What is expected - Transcribe each line below verbatim; pictures excluded.

Data block -
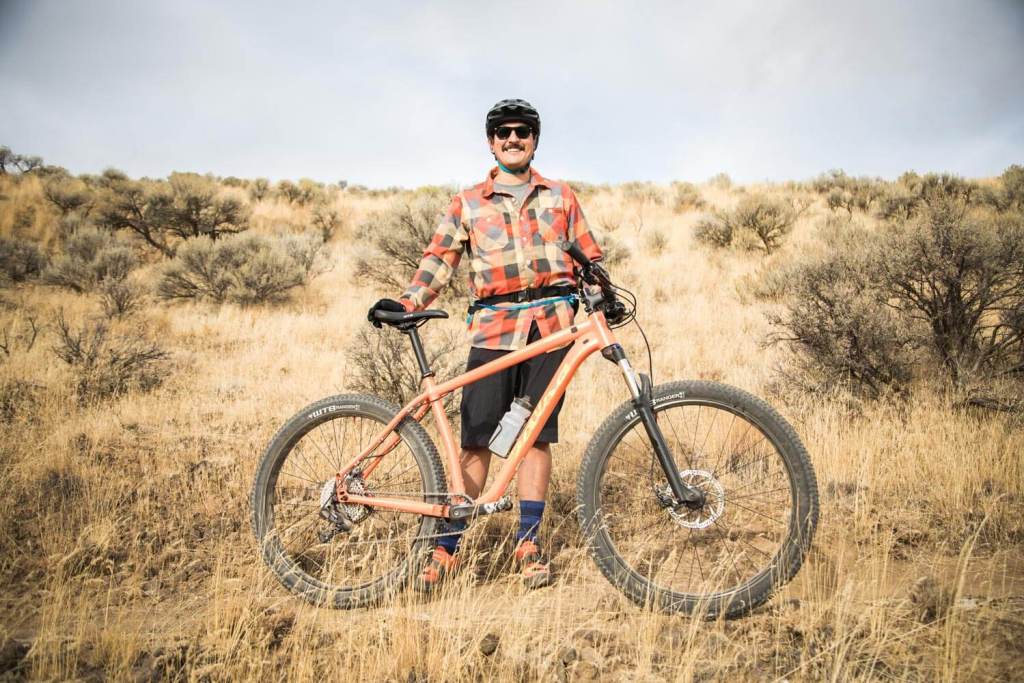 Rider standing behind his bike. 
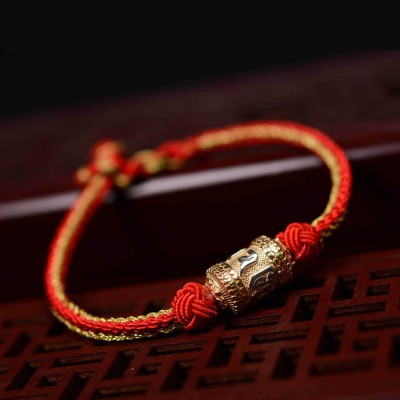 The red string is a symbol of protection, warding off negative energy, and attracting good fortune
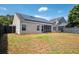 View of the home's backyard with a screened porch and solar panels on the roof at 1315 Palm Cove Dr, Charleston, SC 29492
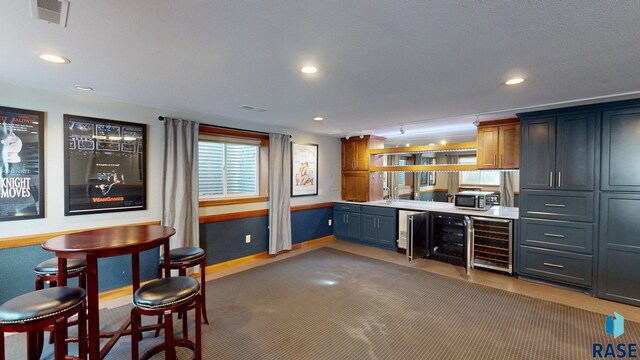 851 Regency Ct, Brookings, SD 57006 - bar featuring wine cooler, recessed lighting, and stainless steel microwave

Answer box -
 Rider standing behind his bike. 
 The red string is a symbol of protection, warding off negative energy, and attracting good fortune
 View of the home's backyard with a screened porch and solar panels on the roof at 1315 Palm Cove Dr, Charleston, SC 29492
 851 Regency Ct, Brookings, SD 57006 - bar featuring wine cooler, recessed lighting, and stainless steel microwave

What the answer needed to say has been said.